The European Council and the European Parliament have reached a provisional political agreement on the proposed reform of the EU economic governance framework.
The aim is to ensure sound and sustainable public finances, while promoting sustainable and inclusive growth in member states through reforms and investment in strategic areas like digital and green.
The Council and Parliament agreed to maintain the reform’s overall objective of reducing debt ratios and deficits in a gradual, realistic, sustained and growth-friendly manner, while protecting reforms and investment in strategic areas like digital, green, social and defence.
At the same time, the new framework will provide appropriate room for counter-cyclical policies and address macroeconomic imbalances.
The agreement also maintains the obligation for member states to submit national medium-term fiscal structural plans.
The Commission will submit a ‘reference trajectory’ to member states where government debt exceeds the 60 per cent of gross domestic product (GDP) or where the government deficit exceeds the 3 per cent of GDP.

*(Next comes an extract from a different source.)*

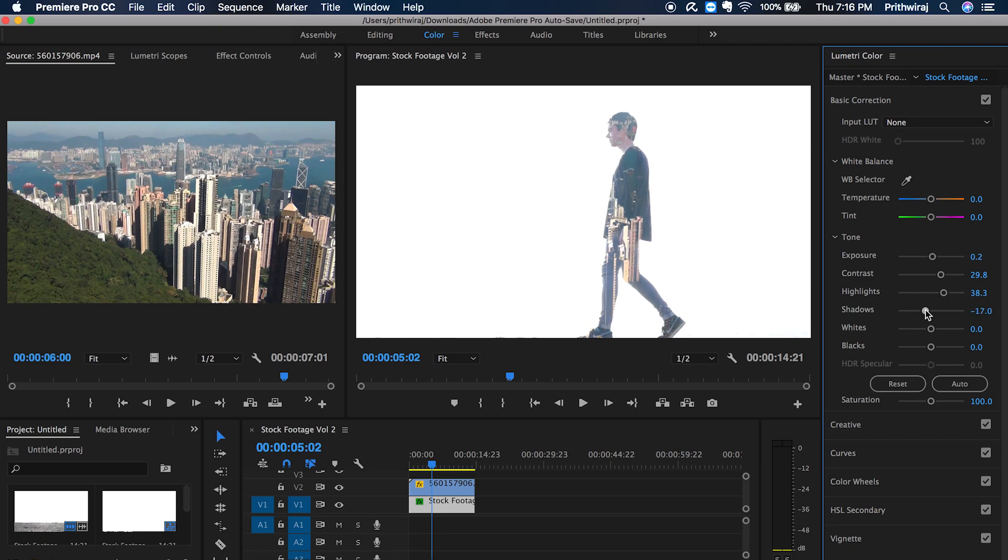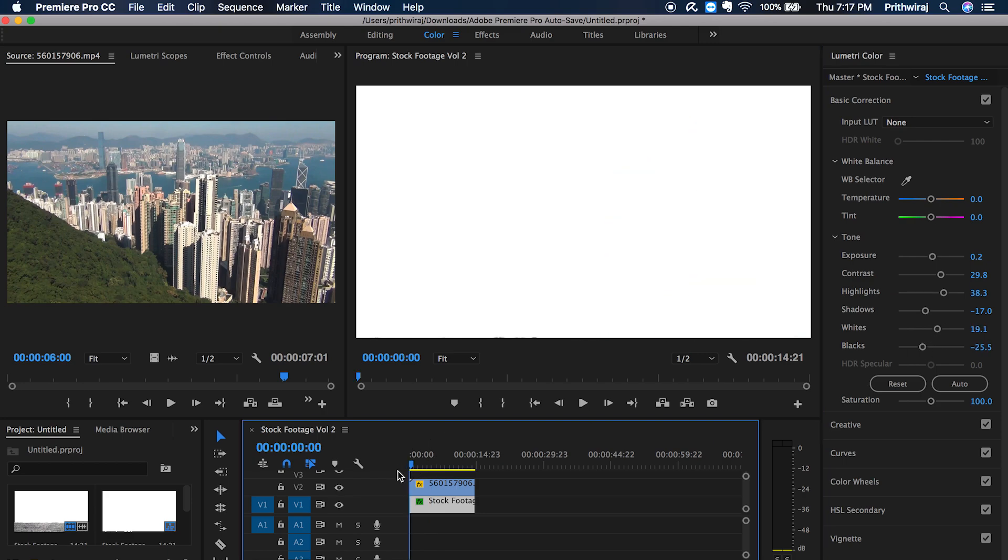And increase the shadows and increase the whites and decrease the blacks. You will now see that the double exposure has become more prominent.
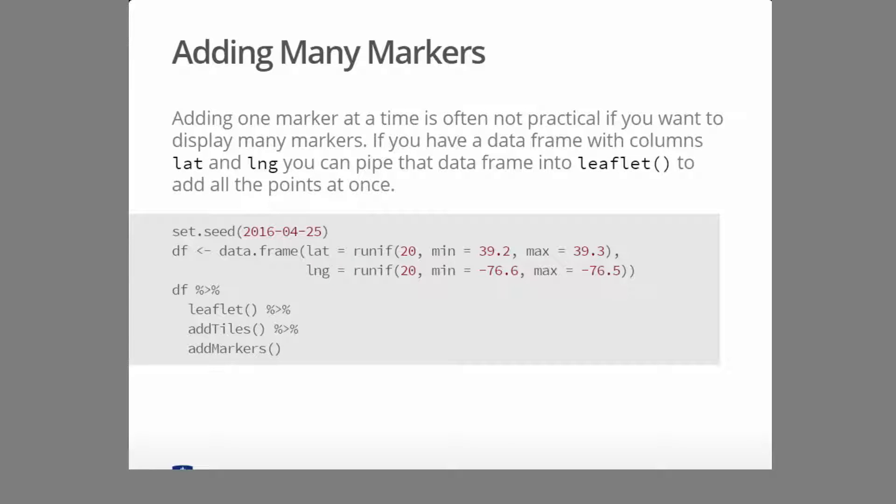So what if you want to add a lot of markers? Well, there's a pretty simple way to do that. You just dump the collection of markers that you want to add in a data frame. Let's go through an example of doing that.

The reference trajectory indicates how member states can ensure that by the end of a fiscal adjustment period of four years, government debt is on a plausibly downward trajectory or stays at prudent levels over the medium-term.
The new rules will further encourage structural reforms and public investments for sustainability and growth.

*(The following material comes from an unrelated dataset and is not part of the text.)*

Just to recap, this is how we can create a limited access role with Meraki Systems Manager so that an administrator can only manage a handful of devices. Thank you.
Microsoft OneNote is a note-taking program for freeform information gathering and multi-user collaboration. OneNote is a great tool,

Member states will be allowed to ask for an extension of the four-year fiscal adjustment period to maximum seven years, if they carry out certain reforms and investments that improve resilience and growth potential and support fiscal sustainability and address common priorities of the EU.
These include achieving a fair, green and digital transition, ensuring energy security, strengthening social and economic resilience and, where necessary, the build-up of defence capabilities.
The provisional political agreement on the preventive arm of the economic governance framework is subject to approval by the Council in the committee of permanent representatives and by the Parliament economic affairs committee before going through a formal vote in both the Council and the Parliament.